Tes histoires et tes rêves d'enfant t'ont bien vite quitté, et t'ont confronté à la dure réalité de la vie en t'arrachant ta mère, Francesca le 19 décembre 1801 alors que tu venais tout juste de fêter tes 8 ans. 11 ans plus tard, devenu jeune homme, c'est au tour de ton père de te laisser le 12 janvier 1812, alors que ton pays est déjà depuis quelque temps dans la tourmente de la campagne d'Espagne. te restait-il alors des attaches dans ton village pour que tu le quittes, pour que tu entreprennes un périple de plusieurs milliers de kilomètres, à travers l'Espagne puis la France, bien loin du village de la frontière, loin des jeux d'ombres et de lumières de tes Sierras del Cabrito, par-delà les Pyrénées ?
As-tu suivi le Camino réal vers le nord, à l'instar de Joseph, frère de Napoléon, où les guet-apens étaient innombrables laissant tout au long de la route cadavres, carcasses de chevaux, chariots brisés ? Faisais-tu partie des 1500 espagnols qui l'accompagnaient encore et qui avaient composé son armée royale ? As-tu été guérillo, fait prisonnier et dirigé sur ordre de Napoléon dans les marais de Niort pour y être employé à leur desséchement ? Comment alors as-tu gagné ta liberté ? Peut-être tout cela tour à tour, au gré des opportunités comme beaucoup de français et d'espagnols l'ont alors fait ? Autant de questions qui restent encore, aujourd'hui, sans réponse.
Mais tu échappes pourtant à toutes ces horreurs, franchis les Pyrénées et arrives en France. Qu'est-ce qui a guidé tes pas jusqu'en son cœur, dans le département des Deux-Sèvres, dans la ville de Saint-Maixent ? Encore une question sans réponse. Là, tu rencontres une jeune femme: Elizabeth Radegonde, veuve à cause d'une autre campagne napoléonienne Outre-Rhin. Tu l'épouses un 17 juin 1817.
A Saint-Maixent, loin de ton pays, loin de l'Andalousie, tout pourrait laisser croire que tu es loin de tes racines, pourtant il n'en est rien puisque tu trouves un compatriote Jacques Furno, sergent au deuxième bataillon des fionnery espagnols en garnison dans cette ville poitevine qui de surcroît est ton beau-frère par alliance puisqu'il a épousé Marie Victoire, sœur d'Elizabeth. Il devient ton ami, témoin à ton mariage, ensemble vous prenez plaisir à évoquer dans votre langue maternelle votre Espagne natale. Lui, sa ville de Barcelone, toi, ton village de Castellar de la Frontera. Vous bercez tous deux vos enfants de vos récits plein de couleurs, plein de musiques, de soleil et de frontières lointaines qui se dessinent au fond de vos yeux pétillants.
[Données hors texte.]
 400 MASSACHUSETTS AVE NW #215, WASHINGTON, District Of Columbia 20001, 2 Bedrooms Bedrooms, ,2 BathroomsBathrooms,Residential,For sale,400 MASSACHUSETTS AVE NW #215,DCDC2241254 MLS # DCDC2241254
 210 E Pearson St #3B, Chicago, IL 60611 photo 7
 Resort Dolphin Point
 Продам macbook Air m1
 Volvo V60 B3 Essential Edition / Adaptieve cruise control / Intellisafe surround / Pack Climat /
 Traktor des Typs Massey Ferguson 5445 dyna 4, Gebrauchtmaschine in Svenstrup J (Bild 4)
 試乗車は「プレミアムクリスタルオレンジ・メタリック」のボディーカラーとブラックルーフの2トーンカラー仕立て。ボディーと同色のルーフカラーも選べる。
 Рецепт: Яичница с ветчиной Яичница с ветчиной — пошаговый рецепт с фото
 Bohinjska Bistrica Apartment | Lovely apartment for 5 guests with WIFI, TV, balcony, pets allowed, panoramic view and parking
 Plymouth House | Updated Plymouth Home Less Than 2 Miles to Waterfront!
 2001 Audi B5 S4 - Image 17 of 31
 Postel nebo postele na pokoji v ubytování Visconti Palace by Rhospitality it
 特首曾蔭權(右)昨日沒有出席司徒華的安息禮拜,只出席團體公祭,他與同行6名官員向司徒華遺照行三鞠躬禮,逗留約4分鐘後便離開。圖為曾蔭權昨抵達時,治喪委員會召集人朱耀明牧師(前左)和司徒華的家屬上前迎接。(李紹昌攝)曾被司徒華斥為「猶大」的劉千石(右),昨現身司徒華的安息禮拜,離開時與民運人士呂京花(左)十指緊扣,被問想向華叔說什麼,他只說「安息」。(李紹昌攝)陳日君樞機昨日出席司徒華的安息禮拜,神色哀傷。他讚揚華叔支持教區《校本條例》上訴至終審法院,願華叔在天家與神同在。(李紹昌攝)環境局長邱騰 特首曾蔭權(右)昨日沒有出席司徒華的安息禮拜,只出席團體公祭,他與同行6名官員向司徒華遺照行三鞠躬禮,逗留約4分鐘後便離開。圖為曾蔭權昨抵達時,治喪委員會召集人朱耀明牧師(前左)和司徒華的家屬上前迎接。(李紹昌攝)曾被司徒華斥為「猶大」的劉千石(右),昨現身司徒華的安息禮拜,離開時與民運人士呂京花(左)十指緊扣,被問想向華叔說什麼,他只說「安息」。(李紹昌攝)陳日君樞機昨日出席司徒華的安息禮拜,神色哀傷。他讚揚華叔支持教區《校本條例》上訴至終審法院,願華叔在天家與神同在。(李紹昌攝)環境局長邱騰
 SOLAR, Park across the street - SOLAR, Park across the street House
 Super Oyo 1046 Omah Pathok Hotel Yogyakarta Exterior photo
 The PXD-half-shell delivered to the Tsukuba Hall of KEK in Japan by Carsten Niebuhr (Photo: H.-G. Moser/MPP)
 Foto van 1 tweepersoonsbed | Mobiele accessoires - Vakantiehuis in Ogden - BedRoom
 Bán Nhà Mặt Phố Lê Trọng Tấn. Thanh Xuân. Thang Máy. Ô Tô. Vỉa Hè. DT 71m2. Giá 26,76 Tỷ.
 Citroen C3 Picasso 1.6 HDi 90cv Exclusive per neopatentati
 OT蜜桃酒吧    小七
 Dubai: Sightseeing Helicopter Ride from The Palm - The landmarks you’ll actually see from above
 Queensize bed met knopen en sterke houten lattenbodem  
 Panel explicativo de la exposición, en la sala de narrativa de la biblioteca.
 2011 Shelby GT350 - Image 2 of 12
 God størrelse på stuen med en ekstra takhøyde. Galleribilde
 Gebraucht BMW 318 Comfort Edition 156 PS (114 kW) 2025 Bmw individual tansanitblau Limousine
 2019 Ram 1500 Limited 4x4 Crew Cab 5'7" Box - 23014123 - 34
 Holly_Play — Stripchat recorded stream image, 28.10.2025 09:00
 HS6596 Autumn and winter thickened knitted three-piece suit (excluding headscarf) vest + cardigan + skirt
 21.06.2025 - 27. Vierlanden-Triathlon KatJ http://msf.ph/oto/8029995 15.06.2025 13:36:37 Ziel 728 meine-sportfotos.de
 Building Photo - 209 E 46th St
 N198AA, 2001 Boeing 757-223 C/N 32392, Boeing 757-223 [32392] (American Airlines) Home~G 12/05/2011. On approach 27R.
Là, au coin d'une rue saint-maixentaise, surgit alors le rocher de Gibraltar, la mer bleu-turquoise à ses pieds, les côtes du Maroc, la silhouette de la casbah de Tanger dont tu as entendu parler enfant, les airs de flamenco réchauffent les hivers poitevins, tu racontes la récolte du liège, les ruelles blanches, le Guadarrenque aussi bleu que le ciel, l'horizon à perte de vue tout autour de toi, tout autour des tiens et qui font oublier un moment les conditions de travail à la filature.
Voilà comment, de générations en générations, même si tes histoires se sont égarées aux frontières du réel et de l'imaginaire, tu nous as transmis le village de la frontière qui t'a vu naître. Tu t'éteins doucement au matin du 27 novembre 1871, alors que tu viens de fêter tes 78 ans, loin de ton village où nous irons un jour admirer pour toi les horizons lointains."